He looked at his wife and she looked back at him. Her hair was still wet with her agony and her narrow eyes were sunken. Beyond this, she was as she always was. But to him she was touching, lying there. His heart rushed out to these two and he said, not knowing what else there was that could be said,

"Tomorrow I will go into the city and buy a pound of red sugar and stir it into boiling water for you to drink."

And then looking at the child again, this burst forth from him suddenly as though he had just thought of it, "We shall have to buy a good basketful of eggs and dye them all red for the village. Thus will everyone know I have a son!"

THE NEXT DAY after the child was born the woman rose as usual and prepared food for them but she did not go into the harvest fields with Wang Lung, and so he worked alone until after the noon hour. Then he dressed himself in his blue gown and went into the town. He went to the market and bought fifty eggs, not new laid, but still well enough and costing a penny for one, and he bought red paper to boil in the water with them to make them red. Then with the eggs in his basket he went to the sweet shop, and there he bought a pound and a little more of red sugar and saw it wrapped carefully into its brown paper, and under the straw string which held it the sugar dealer slipped a strip of red paper, smiling as he did so.

"It is for the mother of a new-born child, perhaps,"

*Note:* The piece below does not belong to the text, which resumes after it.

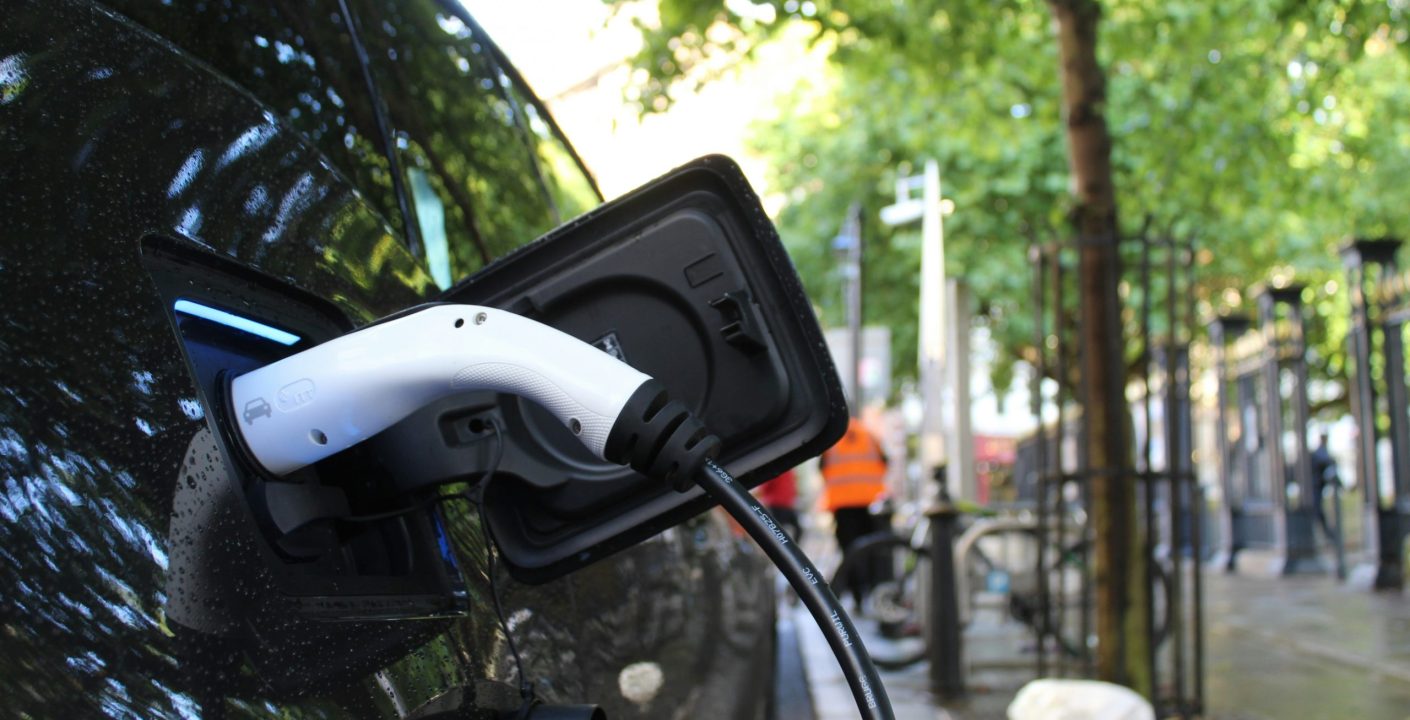 Hitachi ZeroCarbon y MUFG Facilitan Electrificación de Flotas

"A first-born son," said Wang Lung proudly.

"Ah, good fortune," answered the man carelessly, his eye on a well-dressed customer who had just come in.

This he had said many times to others, even every day to someone, but to Wang Lung it seemed special and he was pleased with the man's courtesy and he bowed and bowed again as he went from the shop. It seemed to him as he walked into the sharp sunshine of the dusty street that there was never a man so filled with good fortune as he.

He thought of this at first with joy and then with a pang of fear. It did not do in this life to be too fortunate. The air and the earth were filled with malignant spirits who could not endure the happiness of mortals, especially of such as are poor. He turned abruptly into the candlemaker's shop, who sold incense also, and there he bought four sticks of incense, one for each person in his house, and with these four sticks he went into the small temple of the gods of the earth, and he thrust them into the cold ashes of the incense he had placed there before, he and his wife together. He watched the four sticks well lit and then went homeward, comforted. These two small, protective figures, sitting staidly under their small roof---what a power they had!

AND THEN, almost before one could realize anything, the woman was back in the fields beside him. The harvests were past, and the grain they beat out upon the threshing floor which was also the dooryard to the house. They beat it out with flails, he and the woman together. And when the grain was flailed they winnowed it, casting it up from great flat bamboo baskets into the wind and catching the good grain as it fell, and the chaff blew away in a cloud with the wind. Then there were the fields to plant for winter wheat again, and when he had yoked the ox and ploughed the land the woman followed behind with her hoe and broke the clods in the furrows.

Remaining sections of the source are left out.